Supreme Court of Minnesota
Sep 19, 1986
393 N.W.2d 363 (Minn. 1986)

Summary

holding order denying motion for summary judgment on issue of immunity is appealable

Summary of this case from State v. Cole

Opinion

No. C2-86-899.

September 19, 1986.

Appeal from the Court of Appeals.

Jonathon P. Parrington, Minneapolis, for appellants.

Karla R. Wahl, Minneapolis, for respondents.

Considered and decided by the court en banc without oral argument.


This is a civil rights action brought by plaintiff against the City of Hopkins and two of its police officers pursuant to 42 U.S.C. § 1983. Defendants moved for summary judgment claiming that they were immune from suit under their qualified immunity recognized in Harlow v. Fitzgerald, 457 U.S. 800, 102 S.Ct. 2727, 73 L.Ed.2d 396 (1982). The trial court denied the motion. Relying on Mitchell v. Forsyth, ___ U.S. ___, 105 S.Ct. 2806, 86 L.Ed.2d 411 (1985), defendants appealed from the order denying summary judgment. The Court of Appeals granted the plaintiff's motion to dismiss. We granted the defendants' petition for review. Concluding that the order is an appealable order, we reverse the Court of Appeals and remand for consideration of the merits of the appeal.

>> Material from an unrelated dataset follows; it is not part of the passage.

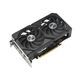 ASUS DUAL-RX9060XT-16G//RX9060XT HDMI DP*2 16G D6; 90YV0LG2-M0NA00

In the Mitchell case, the Supreme Court held, inter alia, that the United States Circuit Court of Appeals had jurisdiction under 28 U.S.C. § 1291 over an appeal by former Attorney General John Mitchell from an order of the Federal District Court denying his claim of immunity from suit for authorizing a warrantless wire tap. The Supreme Court ruled that a decision of the district court denying summary judgment is a final one for purposes of the "final judgment" rule if the decision finally determines a claim of right "separable from, and collateral to, rights asserted in the action, too important to be denied review and too independent of the cause itself to require that appellate consideration be deferred until the whole case is adjudicated." 105 S.Ct. at 2815, quoting from Cohen v. Beneficial Industrial Loan Corp., 337 U.S. 541, 546, 69 S.Ct. 1221 at (1225-1226) 93 L.Ed. 1528 (1949).The Court concluded that an order denying summary judgment on the ground of immunity from suit is a final judgment or order for purposes of appealability under section 1291 because the immunity is an immunity from suit rather than a mere defense and the immunity is effectively lost if a case is erroneously permitted to go to trial. 105 S.Ct. at 2815-17.

In an analogous context, the Supreme Court held that under 28 U.S.C. § 1291 a criminal defendant could appeal before trial from a decision of the trial court refusing to dismiss a criminal charge on the ground of double jeopardy. Abney v. United States, 431 U.S. 651, 97 S.Ct. 2034, 52 L.Ed.2d 651 (1977). The Court there reasoned that a criminal defendant could obtain post-trial vindication of the claim that he was convicted in violation of the double jeopardy clause but that unless pretrial review was permitted he would not be able to obtain review of his claim that being put to trial was barred by the double jeopardy clause. Even before Abney, we allowed a discretionary pretrial appeal by a criminal defendant from a pretrial order denying his motion to dismiss a charge on the ground that the double jeopardy clause barred the pending trial. State v. Gwara, 311 Minn. 106, 247 N.W.2d 417 (1976).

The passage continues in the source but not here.